Zwiastun „Hereditary”. Odważycie się sprawdzić, czy film rzeczywiście jest najstraszniejszym horrorem ostatnich lat?

Horror „Hereditary” nazywany jest „Egzorcystą” XXI wieku. Czy dzieło Ariego Astera rzeczywiście ma szansę na podbicie współczesnego kina grozy? Sprawdź, oglądając zwiastun filmu.
Na początku stycznia 2018 odbyła się kolejna edycja festiwalu Sundance. Jak zwykle podczas imprezy zaprezentowano wiele obcujących tytułów. Wśród nich swoją światową premierę miała produkcja zatytułowana „Hereditary”. Publiczność wyszła z sali przerażona, a krytycy ogłosili film najstraszniejszym horrorem ostatnich lat. Oczywiście same słowa nie wystarczą i zwykłym widzom potrzebna jest próbka, zanim wybiorą się na film. Na szczęście twórcy zaprezentowali zwiastun „Hereditary”. Odważycie się obejrzeć zapowiedź filmu?
„Hereditary” - zwiastun
Sama zapowiedź nie jest śmiertelnie przerażająca, ale buduje przytłaczający klimat i trzeba przyznać, że robi wrażenie. W sieci pojawiły się nawet filmy... z reakcjami na zwiastun. Oczywiście trudno ocenić film na podstawie zlepka (zazwyczaj) najlepszych fragmentów, tym bardziej że zwiastun wcale nie zdradza wiele więcej niż opis fabuły. Mamy natomiast okazję bliżej przyjrzeć się głównym bohaterom. Ponownie zostało zasugerowane, że nad rodziną głównych bohaterów wisi tajemnicza klątwa z przeszłości, która daje o sobie znać po śmierci matrony rodu. Problemem okazuje się córka, która dziwnie się zachowuje. Wkrótce jednak niewyjaśnione zjawiska zaczynają dotykać wszystkich domowników. O co chodzi? Zapewne dowiemy się dopiero podczas seansu.
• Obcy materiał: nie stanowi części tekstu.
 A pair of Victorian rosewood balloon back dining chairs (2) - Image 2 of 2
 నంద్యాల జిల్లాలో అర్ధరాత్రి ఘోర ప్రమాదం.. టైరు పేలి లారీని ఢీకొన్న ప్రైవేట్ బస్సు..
„Hereditary” - kiedy premiera?
Na razie nie podano informacji dotyczących polskiej premiery filmu. Wiadomo jedynie, że ustalono datę światowej premiery. Odbędzie się dopiero 8 czerwca 2018 roku. Film do naszego kraju trafi prawdopodobnie z lekkim poślizgiem. Za scenariusz i reżyserię odpowiedzialny jest Ari Aster. W rolach głównych zobaczymy Toni Collette, Gabriel Byrne, Alex Wolff i Milly Shapiro. Czy film pobije sukces komercyjny takich zeszłorocznych produkcji kina grozy, jak „Uciekaj!” i „To”? Przekonamy się za kilka miesięcy.